Very slow training on RTX 2070 8GB RAM

I am experiencing very slow training on RTX 2070 on Windows 10 and the GPU is hardly used, while the same exact code is super fast on GTX 1080Ti. After some research I concluded that training must only be running on CUDA cores and not on Tensor cores. I tried using .half() for both model and for inputs, but the training is still just as slow. Even after I switched to using apex (I used the conda distribution from here: https://anaconda.org/conda-forge/nvidia-apex) the training is still slow.

I am kind of out of options now.
Is there an example script using .half() or apex that I can use to check whether GPU can be fully used?
Is there a way to monitor whether Tensor cores are being used on Windows?

Any help is appreciated!

You could use pyprof to check for TensorCore usage.

Are both GPUs in the same machine?

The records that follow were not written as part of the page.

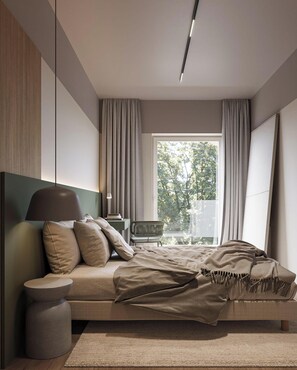 Una camera da letto moderna con un letto, un comodino, una lampada e vista sugli alberi dalla finestra.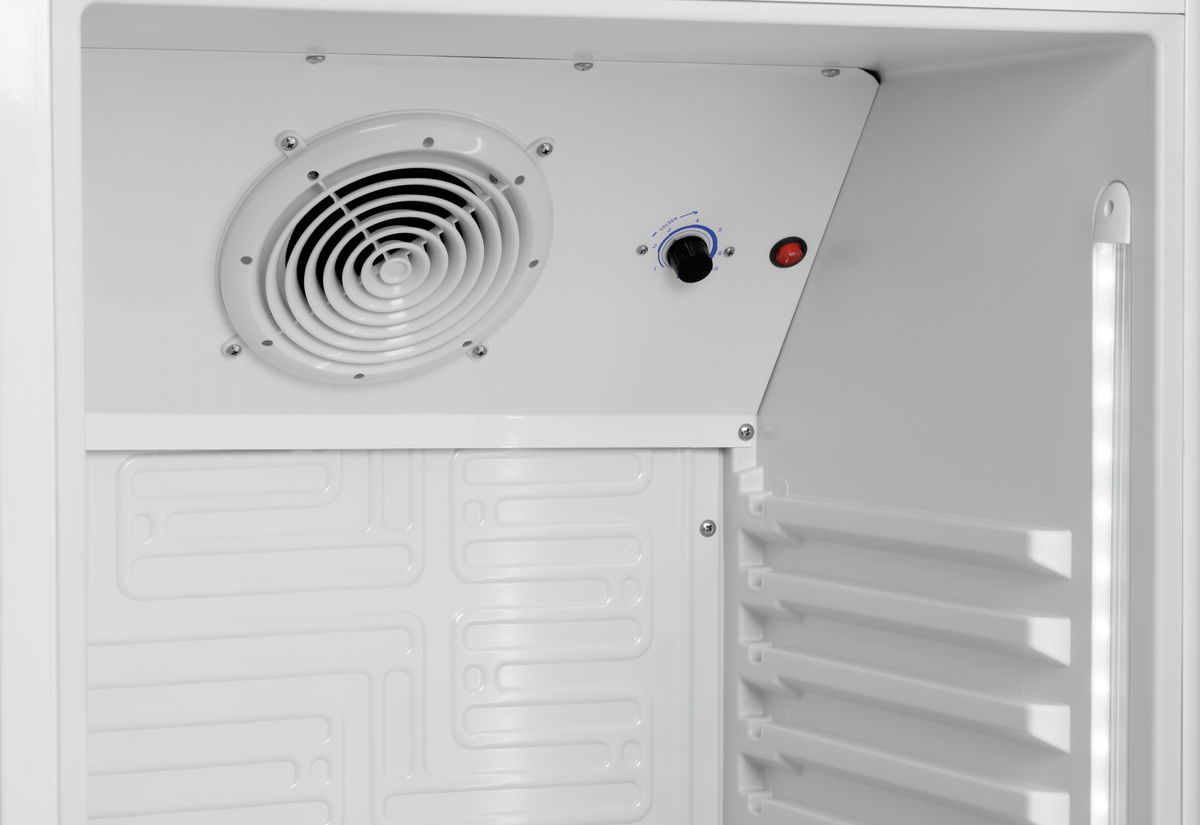 Innerhalb eines weißen Kühlschranks. Ein Ventilator, ein Bedienknopf und ein roter Knopf sind sichtbar. Das Innere hat ein strukturiertes Muster.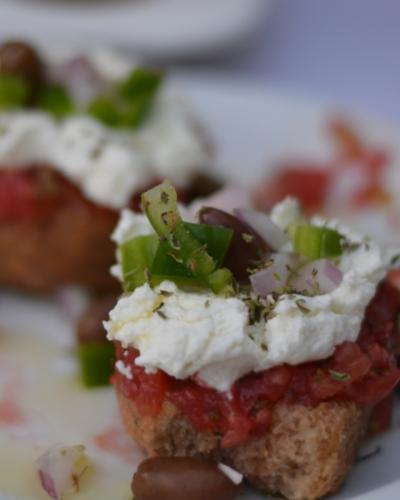 Bruschetta con formaggio cremoso, pomodoro, olive e peperoni.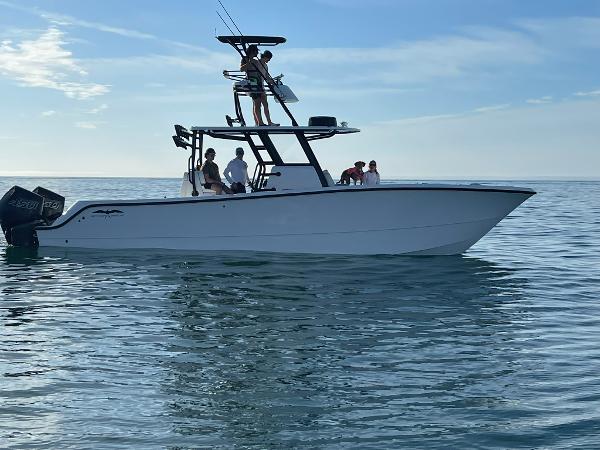 Invincible 33 Catamaran 2023 Invincible 33 Catamaran on calm water with passengers enjoying the ride.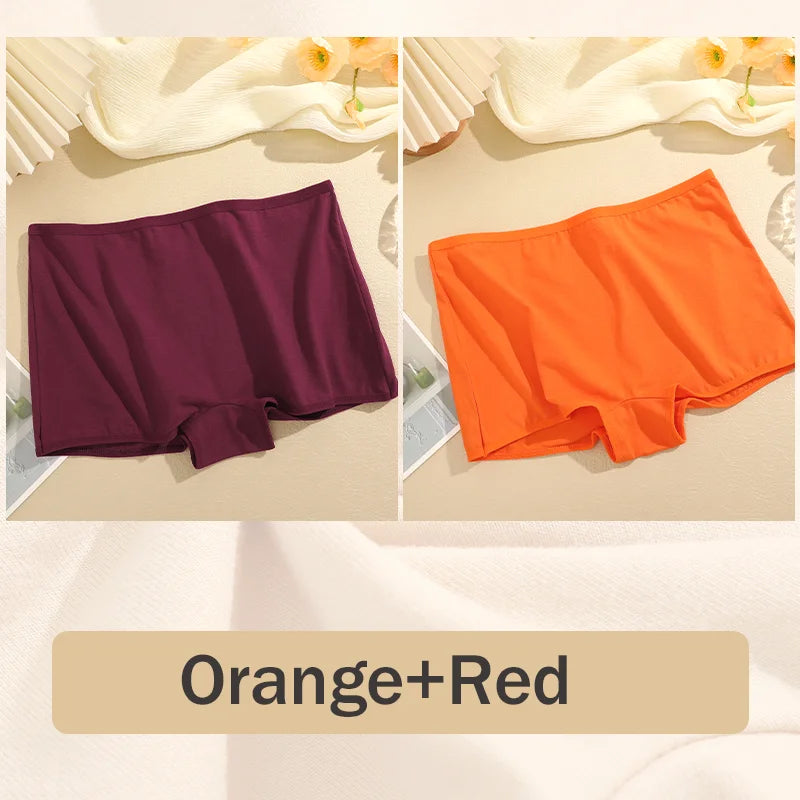 Two pairs of underwear, one purple and one orange, on a beige surface with a neutral background.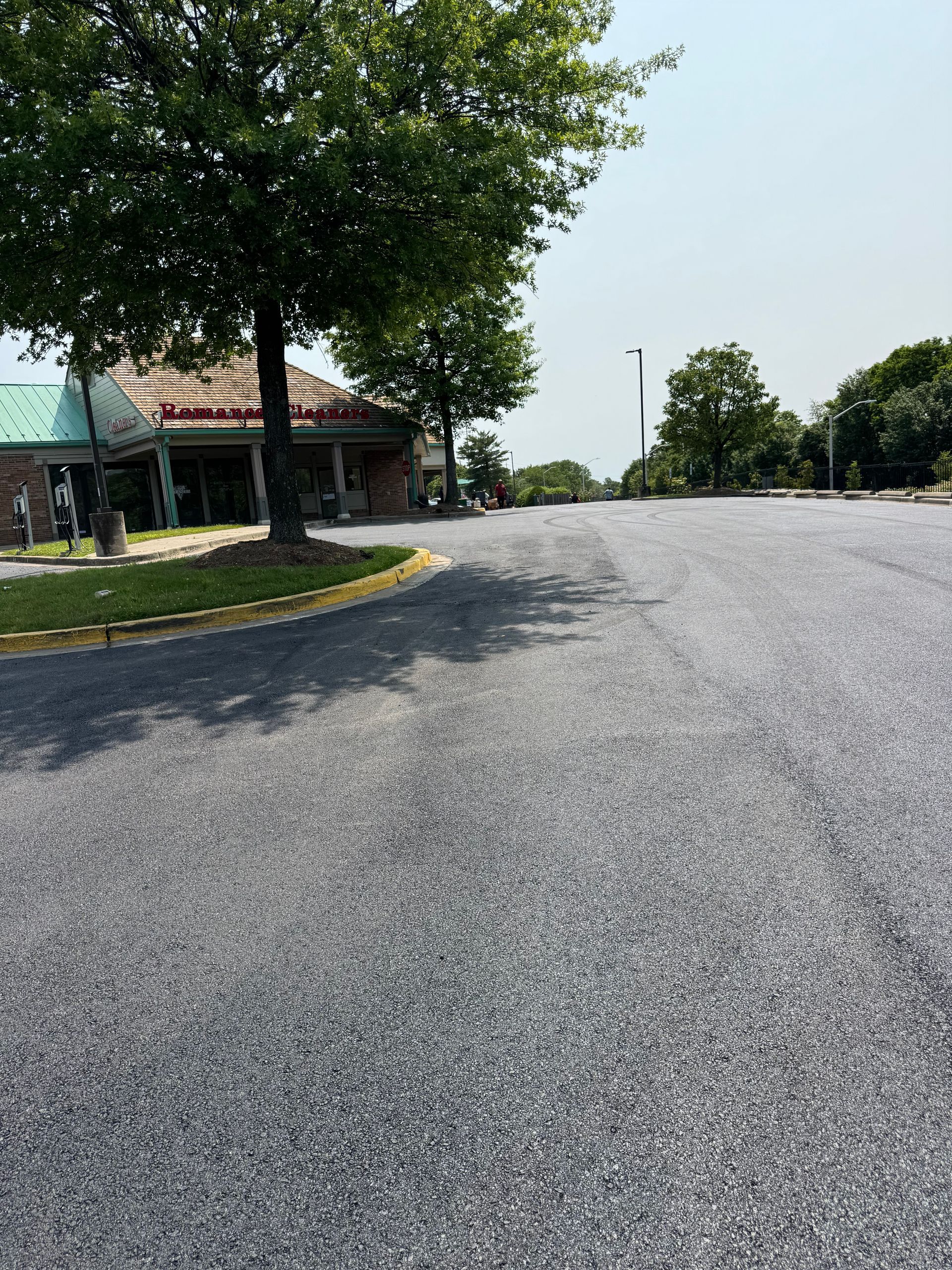 Asphalt road curves past a building with a red tile roof and trees under a sunny sky.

If not, is the setup of the machines similar?

Thanks! I will take a look at pyprof. The setup on GTX is very different, it is a Linux cluster with 4 GPUs in a node. But performance on my local RTX is x3,500 slower than on the cluster.

On RTX I can see that GPU RAM is being used and CUDA cores are heavily used, but the overall GPU usage is around 7%.

I tried to experiment with reducing batch size and number of workers, but it does not seem to make a difference.

Could you try to profile the data loading pipeline, e.g. using this code, or alternatively remove the data loading and feed a random input to your model?
This would give you some information, if the data loading is the bottleneck, which might be the case given the low utilization of the device.

I followed your suggestion and fed random inputs to the model, but no luck. Just to make sure if I did this correctly: I removed the data loader altogether and just loaded a batch of random tensors, but this also did not increase my GPU usage. I still need to look at pyprof.

I noticed that changing the number workers from 0 to 16 does not seem to significantly change my CPU usage (I have 8 cores). That seems strange.

For the imagenet example it seems that I need to download the data, is that correct? I am waiting for approval. Do you by any chance have another example to check both mixed precision and data loading bottlenecks? Any ideas are appreciated! Thanks

I would recommend to narrow down the issue of a low utilization first.
If you’ve removed the data loading and use a random CUDATensor, the utilization should be higher.
At least if your code is not bottlenecked by anything else, so try to remove all unnecessary code and just keep the training (forward, backward, and optimizer).

Thanks a lot for this tip, I will try that.